The Power of an Example: Hidden Set Size Approximation Using Group Queries and Conditional Sampling by Dana Ron and Gilad Tsur (arXiv). Consider a known universe \(U\) and an unknown subset \(S\). Our aim is to approximately determine \(|S|\). We can perform subset queries: for a query subset \(T\), an oracle returns whether \(T \cap S \neq \emptyset\) or (a more powerful model) the oracle returns a uniform random element in \(T \cap S\). This paper gives a detailed study of this problem under various settings. There is a fascinating array of upper and lower bounds, including situations where \(U\) is ordered and \(T\) must be an interval, the difference between adaptivity and non-adaptivity, arbitrary subset queries, and much more. The topic seems to be quite rich, and it should yield some nice sets of problems to study further. It appears that some lower bounds are quite open. Students, pay attention!

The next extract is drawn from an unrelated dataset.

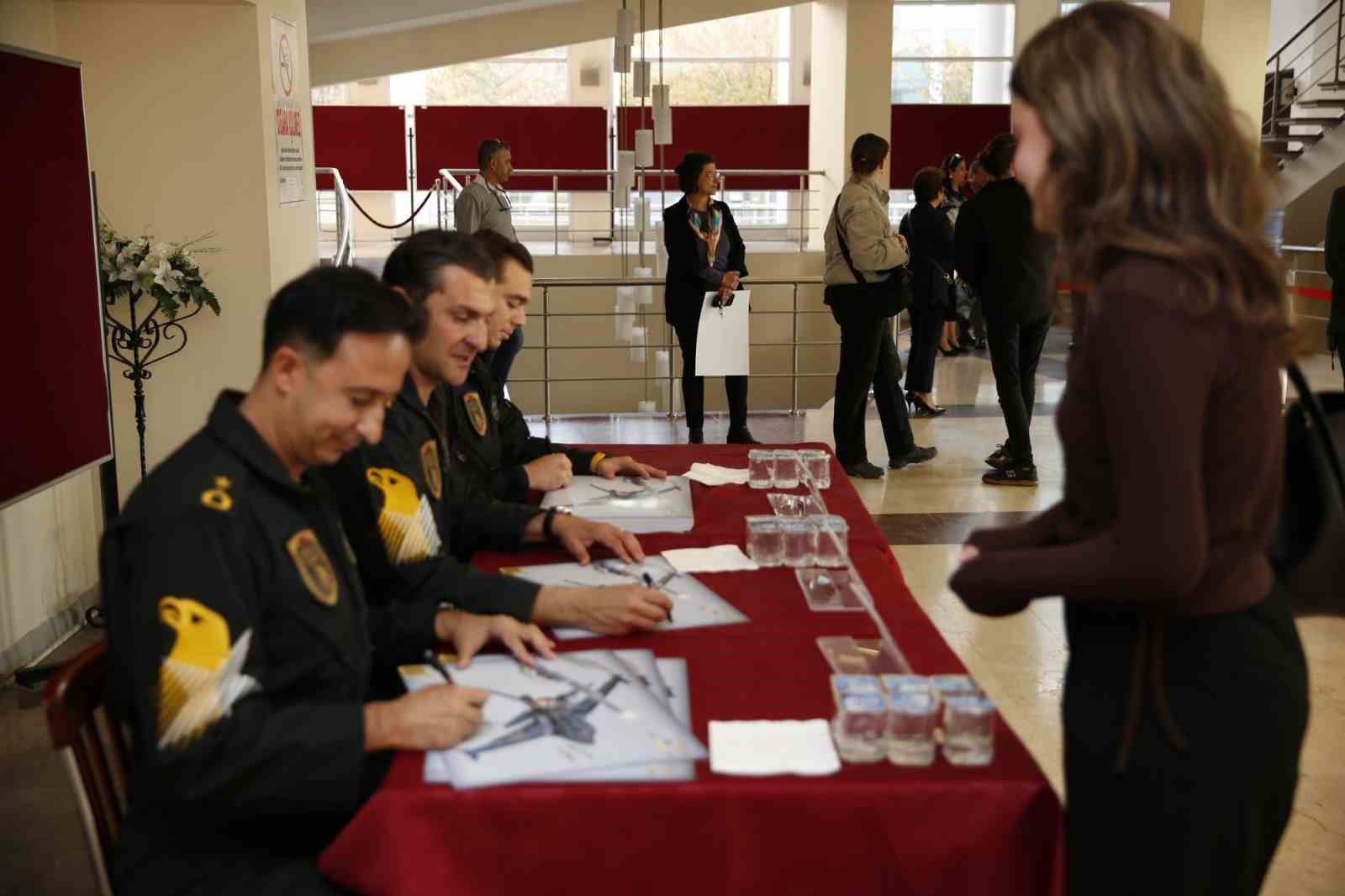 soloturk-gosteri-ekibi-esogu-ogrencileriyle-bulustu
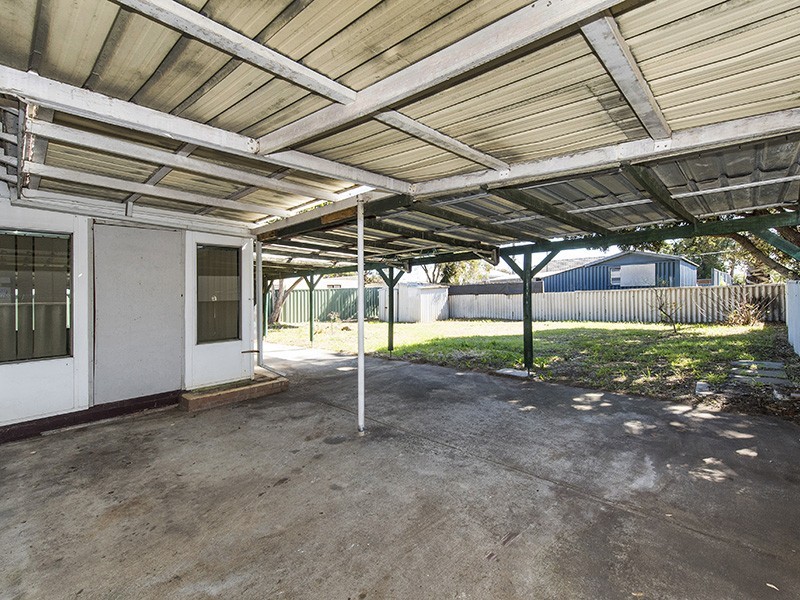 4 Mouarn Street, Carey Park WA 6230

Limitations on Testable Affine-Invariant Codes in the High-Rate Regime by Venkatesan Guruswami, Madhu Sudan, Ameya Velingker, and Carol Wang (ECCC). Locally Testable Codes (LTCs) are codes that (typically) have a constant time tester. Interestingly, recent work on testing codes using a linear number of queries (some small constant fraction of the code length) has connections to the Small Set Expansion (SSE) problem, which in turn is related to the famous Unique Games Conjecture (UGC). A paper by Barak et al. gives a construction of a small set expander (a graph where all small sets have high conductance) where the Laplacian has many small eigenvalues (so it’s “difficult” to find a low conductance cut). This construction uses high-rate LTCs that are linear time testable. In some sense, the better the rate, the better construction one gets. This paper asks how far this idea can go. So the idea is to construct the best rate linear-time testable LTC. Reed-Muller codes fall in this category, but their rate is quite far from optimal. Recent work by Guo et al. gives a slightly better construction, but this is far from the (near) optimal rate achieved by BCH codes (which are not known to be testable). All in all, this paper shows that for affine-invariant codes, the Guo et al. construction is essentially the best testable high-rate code one can get. I have obviously done no justice to the depth of the connections, the intricacies of the parameters, or the overall coolness of this subject. So go read the paper!